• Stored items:

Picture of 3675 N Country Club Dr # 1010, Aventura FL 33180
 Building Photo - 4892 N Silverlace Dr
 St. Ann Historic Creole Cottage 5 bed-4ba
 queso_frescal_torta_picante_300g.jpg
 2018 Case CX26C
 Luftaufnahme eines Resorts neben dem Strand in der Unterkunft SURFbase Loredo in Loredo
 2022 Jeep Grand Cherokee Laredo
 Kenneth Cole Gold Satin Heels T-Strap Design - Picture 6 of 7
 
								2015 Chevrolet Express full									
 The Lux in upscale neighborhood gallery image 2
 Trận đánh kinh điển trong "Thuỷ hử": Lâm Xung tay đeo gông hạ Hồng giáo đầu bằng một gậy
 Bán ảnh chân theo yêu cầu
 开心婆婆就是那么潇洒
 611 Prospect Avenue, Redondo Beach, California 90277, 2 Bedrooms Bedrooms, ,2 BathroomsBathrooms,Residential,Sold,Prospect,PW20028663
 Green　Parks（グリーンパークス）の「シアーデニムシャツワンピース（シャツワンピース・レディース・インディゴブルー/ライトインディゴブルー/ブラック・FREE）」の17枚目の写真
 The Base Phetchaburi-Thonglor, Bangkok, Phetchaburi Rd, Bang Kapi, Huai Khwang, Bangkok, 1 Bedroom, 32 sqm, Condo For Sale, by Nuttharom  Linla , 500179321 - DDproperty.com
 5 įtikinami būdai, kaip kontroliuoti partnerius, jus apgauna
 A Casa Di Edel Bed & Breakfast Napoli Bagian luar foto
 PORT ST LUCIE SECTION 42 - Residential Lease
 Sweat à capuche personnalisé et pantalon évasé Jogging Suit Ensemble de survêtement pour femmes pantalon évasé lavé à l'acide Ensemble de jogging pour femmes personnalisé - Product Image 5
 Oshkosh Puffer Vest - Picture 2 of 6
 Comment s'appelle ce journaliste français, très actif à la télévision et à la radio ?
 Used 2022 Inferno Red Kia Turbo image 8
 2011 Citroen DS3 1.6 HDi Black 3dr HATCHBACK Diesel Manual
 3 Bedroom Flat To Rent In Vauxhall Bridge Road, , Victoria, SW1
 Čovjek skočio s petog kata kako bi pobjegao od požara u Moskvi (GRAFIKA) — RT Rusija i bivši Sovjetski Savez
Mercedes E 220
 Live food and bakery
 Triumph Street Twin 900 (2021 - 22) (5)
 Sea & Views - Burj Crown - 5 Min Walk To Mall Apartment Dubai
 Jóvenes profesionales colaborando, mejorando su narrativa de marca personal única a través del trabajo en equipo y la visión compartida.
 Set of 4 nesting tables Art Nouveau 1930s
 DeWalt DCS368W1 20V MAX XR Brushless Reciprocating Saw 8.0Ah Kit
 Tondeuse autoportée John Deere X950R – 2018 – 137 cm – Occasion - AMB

• Assignment: Exactly the lines from the one with "A Casa Di Edel" through the end of the entries, both included, should be written out, and no others.

• Answer to this exercise:
 A Casa Di Edel Bed & Breakfast Napoli Bagian luar foto
 PORT ST LUCIE SECTION 42 - Residential Lease
 Sweat à capuche personnalisé et pantalon évasé Jogging Suit Ensemble de survêtement pour femmes pantalon évasé lavé à l'acide Ensemble de jogging pour femmes personnalisé - Product Image 5
 Oshkosh Puffer Vest - Picture 2 of 6
 Comment s'appelle ce journaliste français, très actif à la télévision et à la radio ?
 Used 2022 Inferno Red Kia Turbo image 8
 2011 Citroen DS3 1.6 HDi Black 3dr HATCHBACK Diesel Manual
 3 Bedroom Flat To Rent In Vauxhall Bridge Road, , Victoria, SW1
 Čovjek skočio s petog kata kako bi pobjegao od požara u Moskvi (GRAFIKA) — RT Rusija i bivši Sovjetski Savez
Mercedes E 220
 Live food and bakery
 Triumph Street Twin 900 (2021 - 22) (5)
 Sea & Views - Burj Crown - 5 Min Walk To Mall Apartment Dubai
 Jóvenes profesionales colaborando, mejorando su narrativa de marca personal única a través del trabajo en equipo y la visión compartida.
 Set of 4 nesting tables Art Nouveau 1930s
 DeWalt DCS368W1 20V MAX XR Brushless Reciprocating Saw 8.0Ah Kit
 Tondeuse autoportée John Deere X950R – 2018 – 137 cm – Occasion - AMB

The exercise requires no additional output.